YOUR ASSIGNMENT
Begin your copy at the line with "LaCroix Natural Nicola" in the records below and end it at the line with "Cotton Duck Natural", restating each line word for word; omit the pictures.

RECORDS FOR PROCESSING
'''
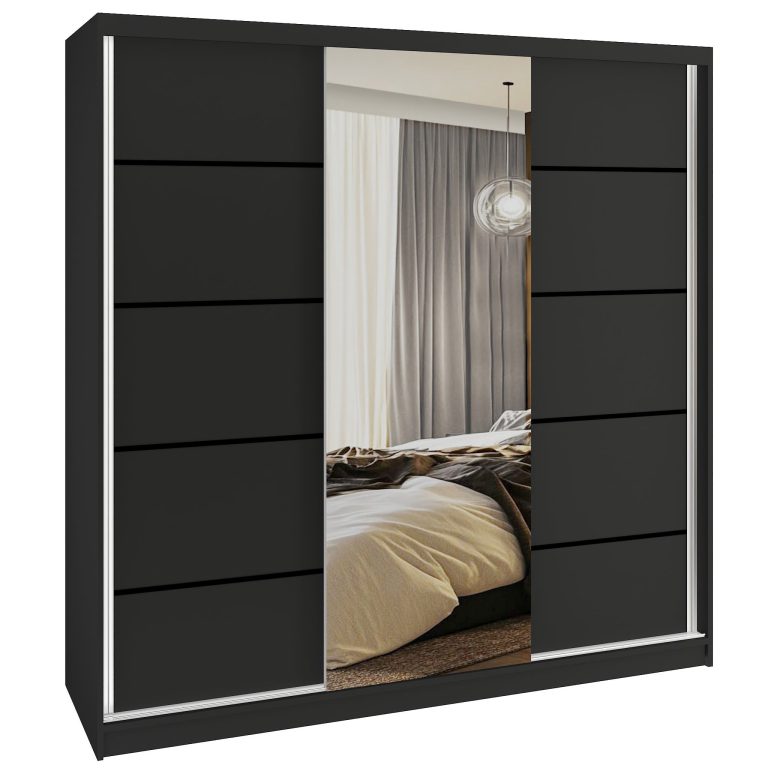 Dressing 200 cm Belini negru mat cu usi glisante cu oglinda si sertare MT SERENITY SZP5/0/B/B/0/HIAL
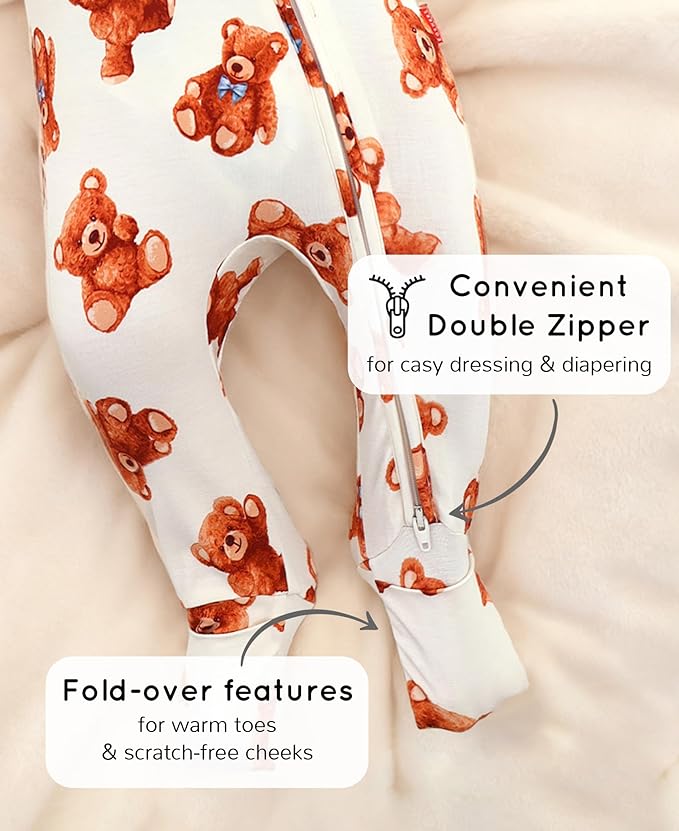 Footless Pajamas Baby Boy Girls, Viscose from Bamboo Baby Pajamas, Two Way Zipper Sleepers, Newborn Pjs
'''
'''
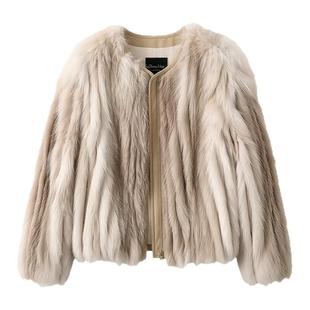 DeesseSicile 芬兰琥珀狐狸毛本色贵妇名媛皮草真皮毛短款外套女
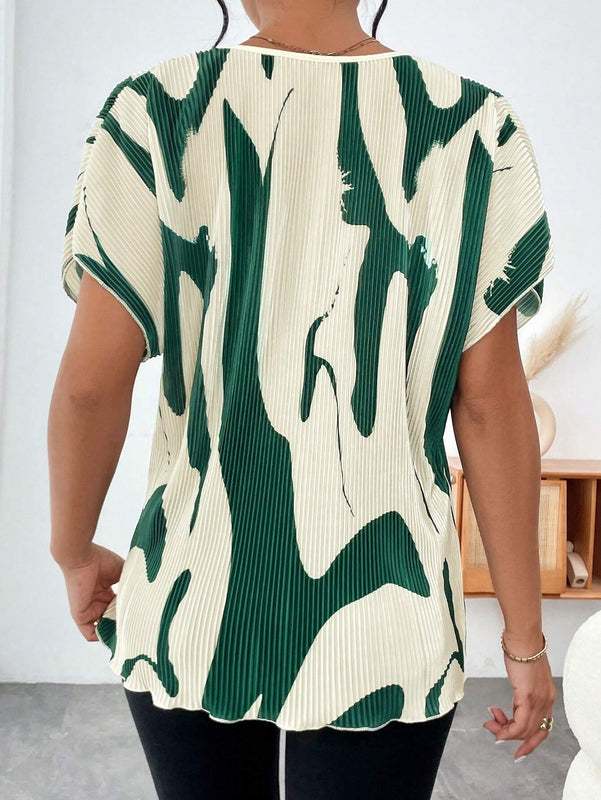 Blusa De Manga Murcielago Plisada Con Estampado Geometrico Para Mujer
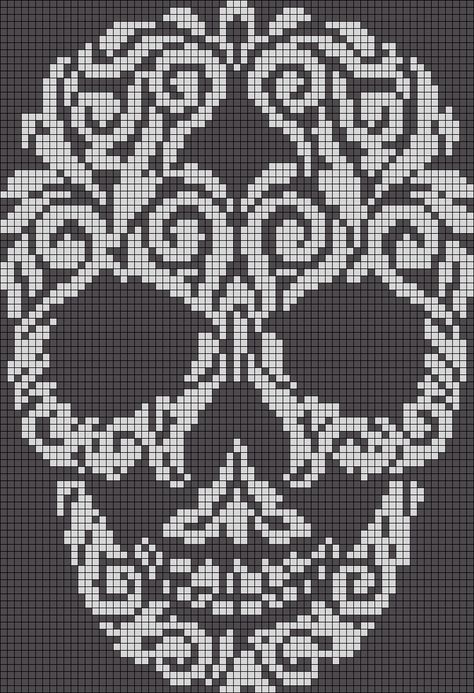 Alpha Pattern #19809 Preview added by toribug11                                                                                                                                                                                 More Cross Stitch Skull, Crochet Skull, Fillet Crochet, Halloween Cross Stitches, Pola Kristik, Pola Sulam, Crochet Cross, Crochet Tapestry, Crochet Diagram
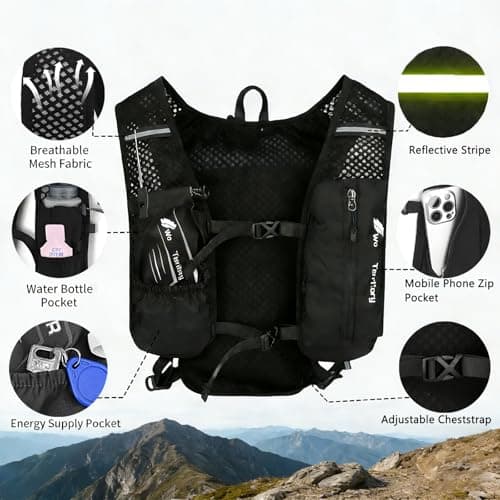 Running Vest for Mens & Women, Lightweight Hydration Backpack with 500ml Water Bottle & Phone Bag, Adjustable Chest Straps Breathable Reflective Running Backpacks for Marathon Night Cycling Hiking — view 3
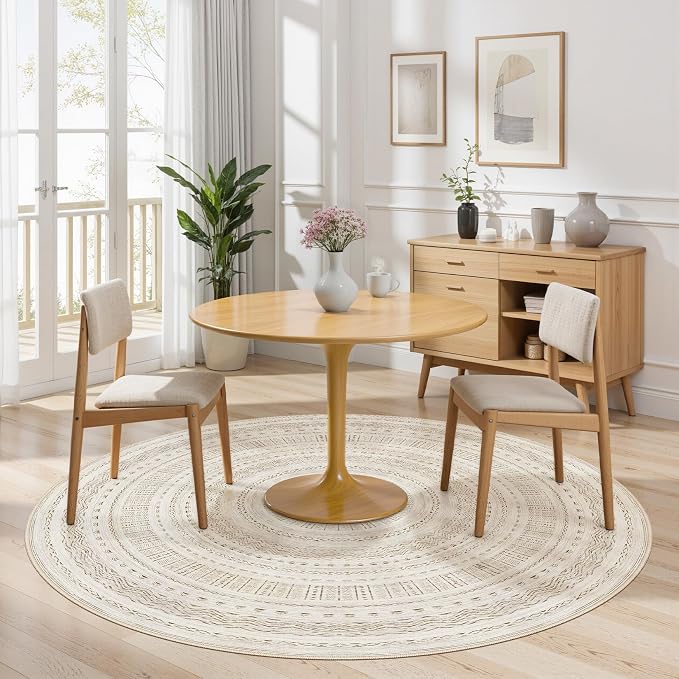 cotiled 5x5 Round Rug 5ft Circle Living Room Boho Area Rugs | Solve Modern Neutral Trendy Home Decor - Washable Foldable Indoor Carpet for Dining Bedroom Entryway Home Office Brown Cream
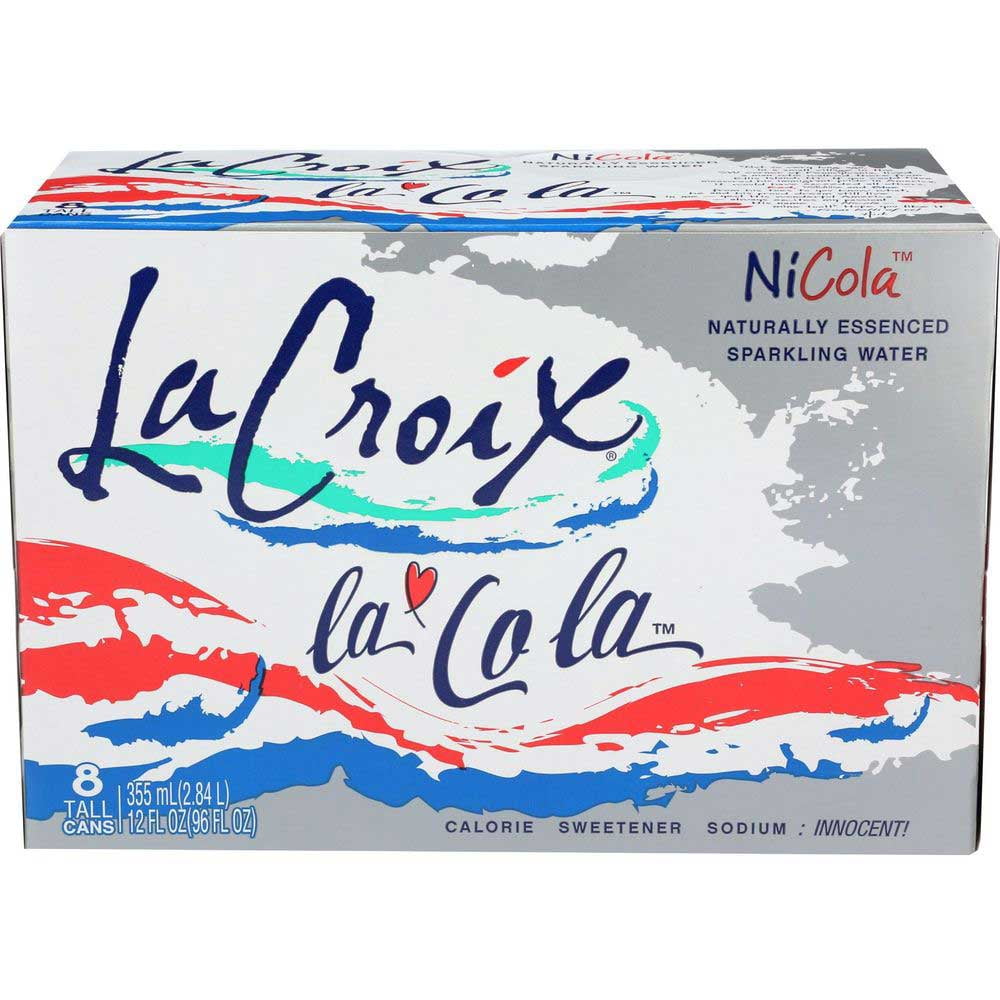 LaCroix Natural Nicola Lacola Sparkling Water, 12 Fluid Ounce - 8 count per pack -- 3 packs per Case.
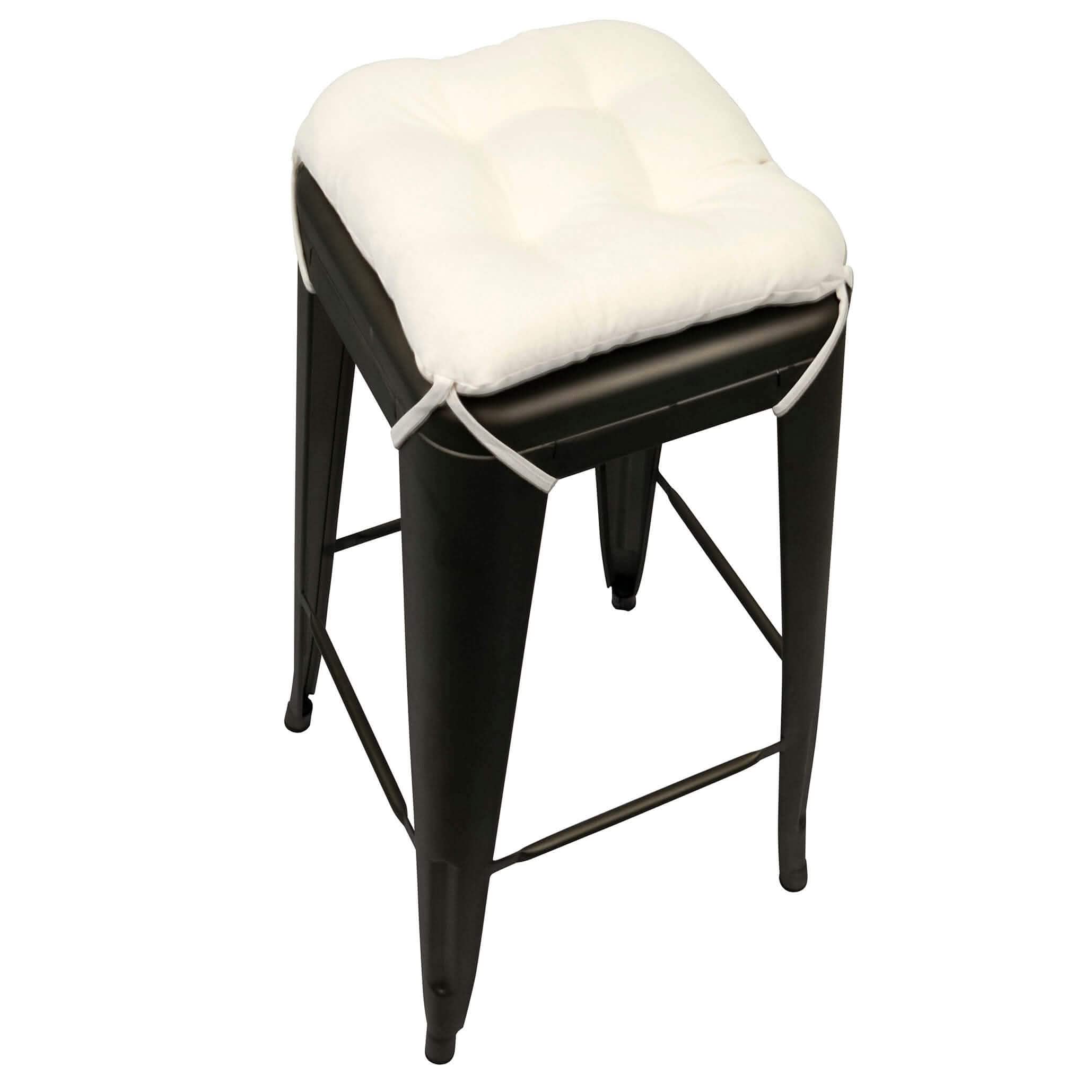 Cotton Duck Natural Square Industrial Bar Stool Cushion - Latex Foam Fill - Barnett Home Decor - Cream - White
'''
SOLUTION TO THIS PROBLEM
 LaCroix Natural Nicola Lacola Sparkling Water, 12 Fluid Ounce - 8 count per pack -- 3 packs per Case.
 Cotton Duck Natural Square Industrial Bar Stool Cushion - Latex Foam Fill - Barnett Home Decor - Cream - White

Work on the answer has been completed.